* **Provided data**:
┌──

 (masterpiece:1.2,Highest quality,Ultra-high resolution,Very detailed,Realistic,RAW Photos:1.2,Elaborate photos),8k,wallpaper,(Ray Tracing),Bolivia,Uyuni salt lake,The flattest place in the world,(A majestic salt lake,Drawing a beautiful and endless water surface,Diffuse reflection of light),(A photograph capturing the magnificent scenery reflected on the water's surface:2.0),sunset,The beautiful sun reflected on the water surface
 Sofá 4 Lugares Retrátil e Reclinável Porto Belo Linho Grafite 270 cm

└──
┌──

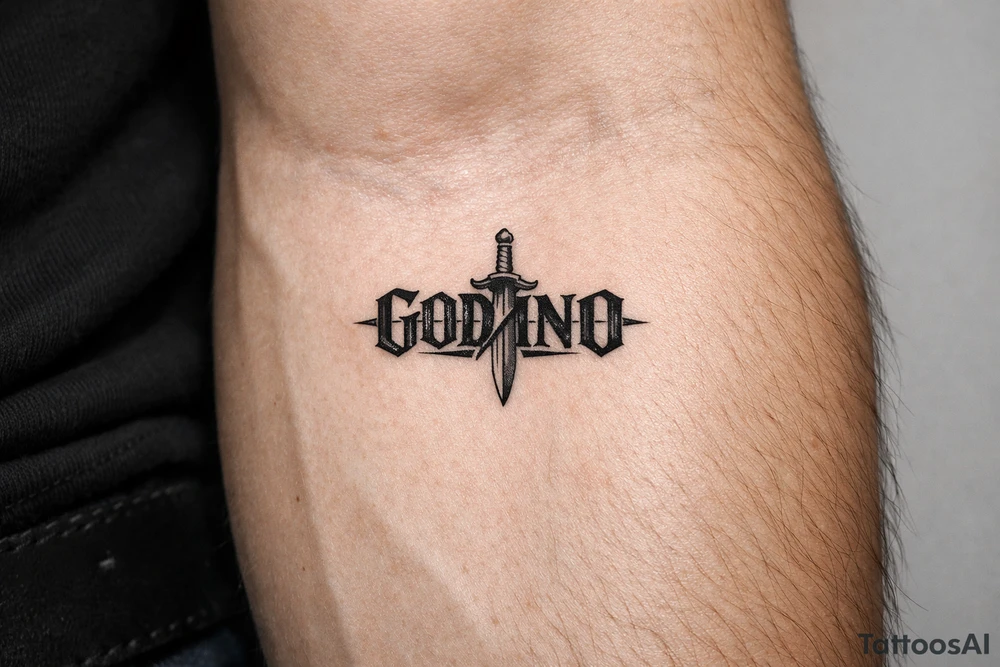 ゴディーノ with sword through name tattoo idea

└──
┌──

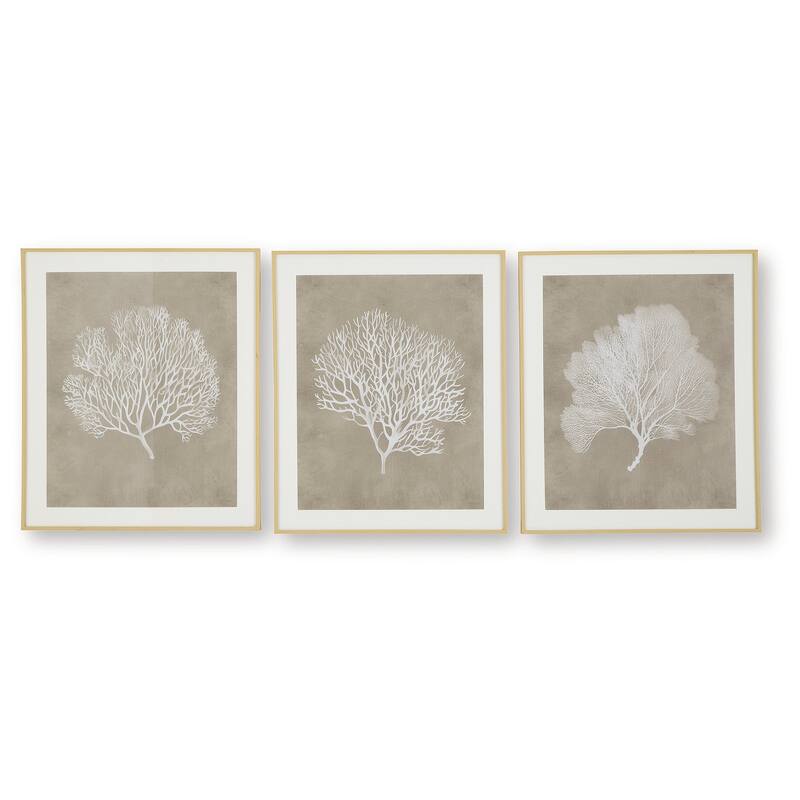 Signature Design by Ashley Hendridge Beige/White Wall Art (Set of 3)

└──

Your answer must consist solely of the lines above between the line holding "(masterpiece:1.2,Highest quality,Ultra-high resolution,Very" and the line holding "Sofá 4 Lugares", inclusive, copied exactly.

* **Result of this exercise**:
 (masterpiece:1.2,Highest quality,Ultra-high resolution,Very detailed,Realistic,RAW Photos:1.2,Elaborate photos),8k,wallpaper,(Ray Tracing),Bolivia,Uyuni salt lake,The flattest place in the world,(A majestic salt lake,Drawing a beautiful and endless water surface,Diffuse reflection of light),(A photograph capturing the magnificent scenery reflected on the water's surface:2.0),sunset,The beautiful sun reflected on the water surface
 Sofá 4 Lugares Retrátil e Reclinável Porto Belo Linho Grafite 270 cm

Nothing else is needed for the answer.